I am familiar with relational database such as MySQL. Recently I'm working on project that use MongoDb to stock 100,000 Documents. The structure of these Docs is as such:
{
"_id" : "1",
"abstract" : "In this book, we present ....",
"doi" : "xxxx/xxxxxx",
"authors" : [
"Davis, a",
"louis, X",
"CUI, Li",
"FANG, Y"
]
}
I would like to extract the cooccurrence matrix or cooccurrence value of all possible combination of authors (only pairs). the expected output is:
{ [auth1 , auth2 : 5 ] [auth1, auth3 : 1] [auth2, auth8 : 9]....}
which means that auth1 and auth2 collaborate 5 times (in 5 books) auth2 and auth8 collaborate 9 times...
In relation database, possible solution could be: in a table auth-book for example:
INSERT INTO auth-book (id_book, id_auth) VALUES
(1, 'auth1'),
(1, 'auth2'),
(1, 'auth3'),
(2, 'auth1'),
(2, 'auth5'),
(2, 'auth87'),
(2, 'auth2')...
the query that calculate cooccurrence or collaboration of authors is:
SELECT a.id_auth a, b.id_auth b, COUNT(*) cnt
FROM auth-book a JOIN auth-booke b ON b.id_book= a.id_book AND .id_auth > a.id_auth
GROUP BY a.id_auth, b.id_auth
output: [auth1 auth2 => 2][auth1 auth3 => 1][auth2 auth3 => 1]... etc.

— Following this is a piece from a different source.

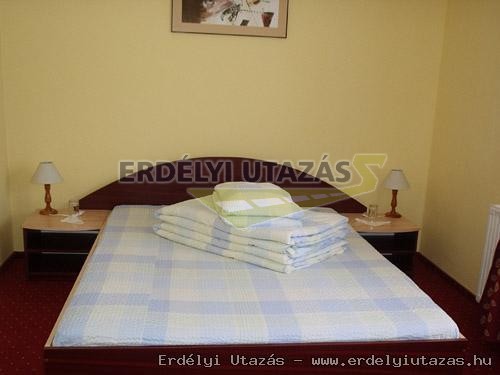 Iris Panzi *** (4)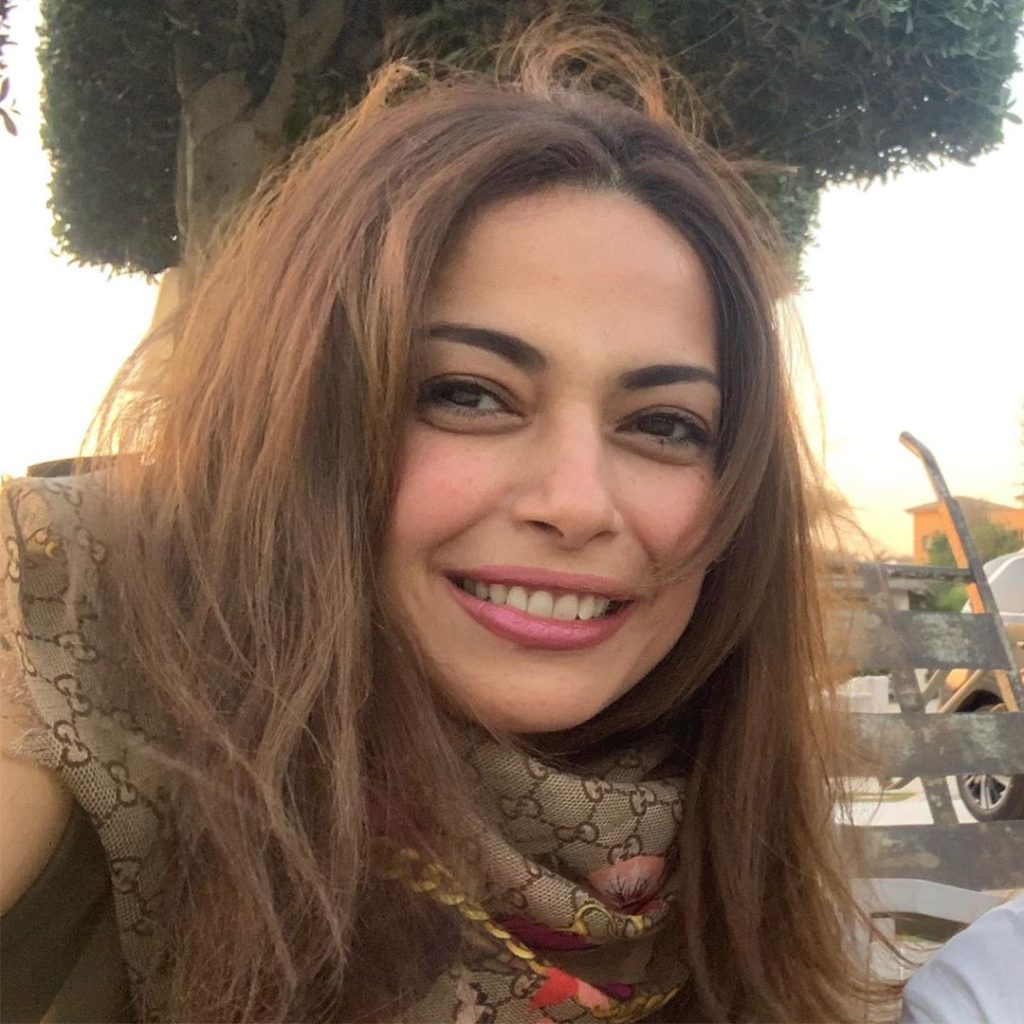 داليا-مصطفى-واختها-التوأم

I have no idea how to implement such a query in mongodb
This is a wee bit scary but it seems to work. Basically, we $lookup
against ourselves and leverage the fact that lookup of a string into an array of strings is an implicit $in
-like operation.
db.foo.aggregate([
// Create single deduped list of authors:
{$unwind: "$authors"}
,{$group: {_id:null, uu: {$addToSet: "$authors"} }}
// Now unwind and go lookup into the authors array in the same collection. If $uu
// appears anywhere in the authors array, it is a match.
,{$unwind: "$uu"}
,{$lookup: { from: "foo", localField: "uu", foreignField: "authors", as: "X"}}
// OK, lots of material in the pipe here. Brace for a double unwind -- but
// in this data domain it is probably OK because not every book has the same
// set of authors, which will attenuate the result $lookup above.
,{$unwind: "$X"}
,{$unwind: "$X.authors"}
// The data is starting to be clear here. But we see two things:
// self-matching (author1->author1) and pairs of inverses
// (author1->author2 / author2->author1). We don't need self matches and we
// only need "one side" of the inverses. So... let's do a strcasecmp
// on them. 0 means the same so that's out. So pick 1 or -1 to get one side
// of the pair; doesn't really matter! This is why the OP has b.id_auth > a.id_auth
// in the SQL equivalent: to eliminate self match and one side of inverses.
,{$addFields: {q: {$strcasecmp: ["$uu", "$X.authors"] }} }
,{$match: {q: 1}}
// And now group!
,{$group: {_id: {a: "$uu", b: "$X.authors"}, n: {$sum:1}}}
]);